JAKARTA, KOMPAS.com - Presiden Joko Widodo meminta jajarannya lebih berhati-hati mengambil kebijakan menyusul adanya 28 negara yang telah meminta bantuan keuangan dari Dana Moneter Internasional (IMF).
Hal tersebut disampaikan Menteri Koordinator Bidang Perekonomian Airlangga Hartarto selepas mengikuti sidang kabinet paripurna yang dipimpin Presiden Jokowi di Istana Negara, Selasa (11/10/2022).
"Bapak presiden menyampaikan, di IMF sudah ada 28 negara yang masuk untuk memperoleh bantuan. (Sebanyak) 14 sudah masuk dan 14 dalam proses," ujar Airlangga.
"Ini magnitude-nya lebih besar dari krisis 1998 di mana itu di beberapa negara ASEAN. Bapak Presiden mengingatkan untuk mengambil kebijakan secara hati-hati," kata dia.

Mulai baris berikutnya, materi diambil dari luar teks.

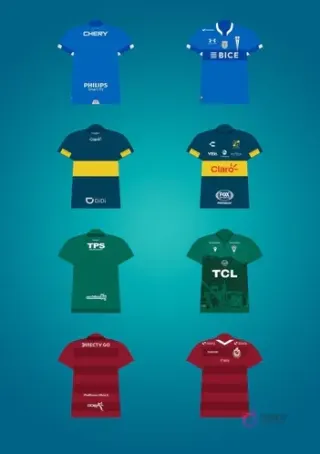 Pack de 8 plantillas PSD para sublimación de camisetas de fútbol chileno, con diseños que evocan a Universidad de Chile, Universidad Católica, Colo Colo, Santiago Wanderers y O'Higgins, destacando sus uniformes emblemáticos.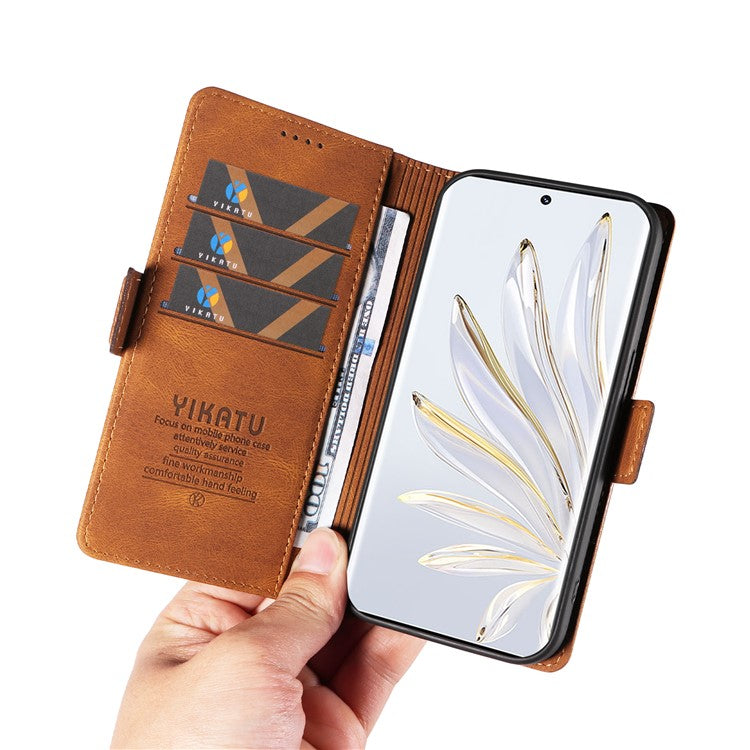 YIKATU YK-005 For Honor 70 5G Wallet Phone Case Stand Shell Skin-touch PU Leather Phone Cover - Brown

Baca juga: Relawan Jokowi Minta Menteri dari Nasdem Diganti, Johnny Plate: Urusan Remeh Temeh
Menurut Airlangga, Presiden juga berpesan agar jangan sampai Indonesia mengambil kebijakan sebagaimana yang dilakukan Pemerintah Inggris.
Adapun Inggris mengambil kebijakan memangkas pajak dan subsidi energi yang ditanggapi negatif oleh pasar sehingga memicu anjloknya nilai tukar poundsterling.
"Kita lihat di Indonesia depresiasi rupiah-nya 6 persen, namun relatif masih lebih tinggi dari negara lain termasuk Malaysia, Thailand. Sehingga relatif indonesia lebih moderat," kata Airlangga.
Sebelumnya, Presiden Joko Widodo mengungkapkan, 28 negara sudah mengantre untuk meminjam dana dari IMF.
Baca juga: Luhut Pastikan RI Tidak Termasuk 28 Negara yang Antre Jadi Pasien IMF
Menurut Presiden, kondisi tersebut merupakan dampak dari situasi global yang yang semakin tidak pasti.
"Pagi tadi saya dapat informasi dari pertemuan di Washington DC, 28 negara sudah antre di markasnya IMF, menjadi pasien," ujar Jokowi saat membuka "Investor Daily Summit 2022" yang disiarkan secara daring pada Selasa.
"Ini yang sekali lagi kita tetap harus menjaga optimisme tapi yang lebih penting hati-hati dan waspada, eling lan waspodo," kata dia.
Jokowi lantas menjelaskan bahwa hampir semua negara di dunia saat ini mengalami inflasi.
Belum lagi, ada dampak dari perubahan iklim dan situasi geopolitik yang memperparah krisis ekonomi dan energi.
Baca juga: Gara-gara Krisis dan Inflasi, Jokowi: 28 Negara Antre Jadi Pasien IMF
Menurut Jokowi, dengan situasi yang ada sekarang ini, negara manapun dapat terlempar dengan cepat.
"Apabila tidak hati-hati dan tidak waspada, baik dalam pengelolaan moneter dan pengelolaan fiskal, apalagi setelah perang Rusia dan Ukraina, kita tahu, pertumbuhan ekonomi di tahun 2023 yang sebelumnya diperkirakan 3 persen, terakhir sudah diperkirakan jatuh di angka 2,2 persen," kata Jokowi.